Polícia prende ex-PM apontado como chefe da segurança do bicheiro Bernardo Bello

Repolhão é investigado por integrar grupo de extermínio e atuar na morte de advogado em Niterói, em maio de 2022

A Polícia Civil do Rio prendeu, nesta sexta-feira (23)), o ex-policial militar Marcelo Sarmento Mendes, de 60 anos, conhecido como Repolhão, apontado como chefe da segurança do bicheiro Bernardo Bello e envolvido no assassinato do advogado Carlos Daniel Dias André, morto a tiros em Niterói, em 2022. O advogado teria sido executado a mando de Bello.

Repolhão, que estaria escondido sob proteção de milicianos na Zona Oeste, foi localizado em um restaurante de Campo Grande enquanto almoçava com a família. Ele foi expulso da PM por envolvimento na chacina de Vigário Geral, na década de 1990., e estava foragido há três anos.

A ação foi realizada por agentes da 35ª DP (Campo Grande), que receberam informações de inteligência indicando que o investigado buscava refúgio na região, área conhecida pela atuação de milícias armadas.
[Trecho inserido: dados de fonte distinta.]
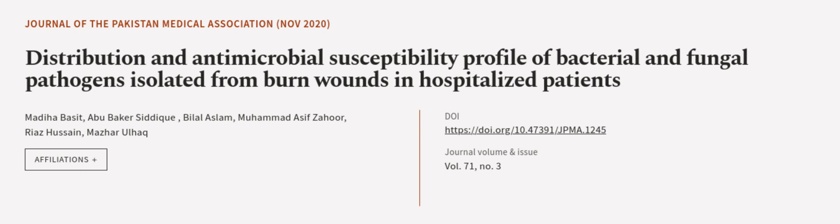This article was authored by Madiha Basit, Abu Bakr Sadiq, Bilal Aslam, and others.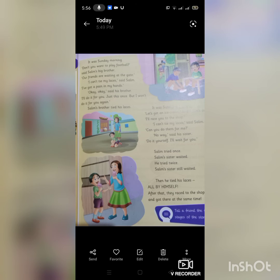There is an activity for you which you are going to perform regarding the story we just completed. Do you know how to tie your shoelaces? If yes, write down the steps in your notebook. If you don't know how to tie your shoelaces, just learn it from your family members — like your mother, your elder brother, or sister — learn how to tie your shoelaces and perform the activity as mentioned above.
Suspeito é ligado a outros homicídios

As investigações indicam que o ex-policial também responde por outros crimes graves. Entre eles, a execução do contraventor Alcebíades Paes Garcia, conhecido como Bid, tio da ex-esposa de Bernardo e desafeto dele em razão da disputa de territórios do jogo do bicho. Bid fo assassinado em fevereiro de 2020 na Barra da Tijuca, Zona Oeste do Rio. Em dezembro do ano passado, dois seguranças de Bid foram condenados pelo crime.

Na denúncia apresentada à Justiça, o Ministério Público do Rio de Janeiro (MPRJ) apontou que o homicídio de Alcebíades Garcia teria sido encomendado por Bernardo Bello. Os dois eram rivais na disputa pelo controle de territórios do jogo especialmente na Zona Sul da capital fluminense.

De acordo com a Polícia Civil, o suspeito preso também é investigado por manter vínculos com outro contraventor e por integrar um dos maiores grupos de extermínio em atividade no Estado do Rio. Desde 2024, a organização criminosa passou a ser alvo de investigações mais amplas, que incluem crimes de lavagem de dinheiro e organização criminosa.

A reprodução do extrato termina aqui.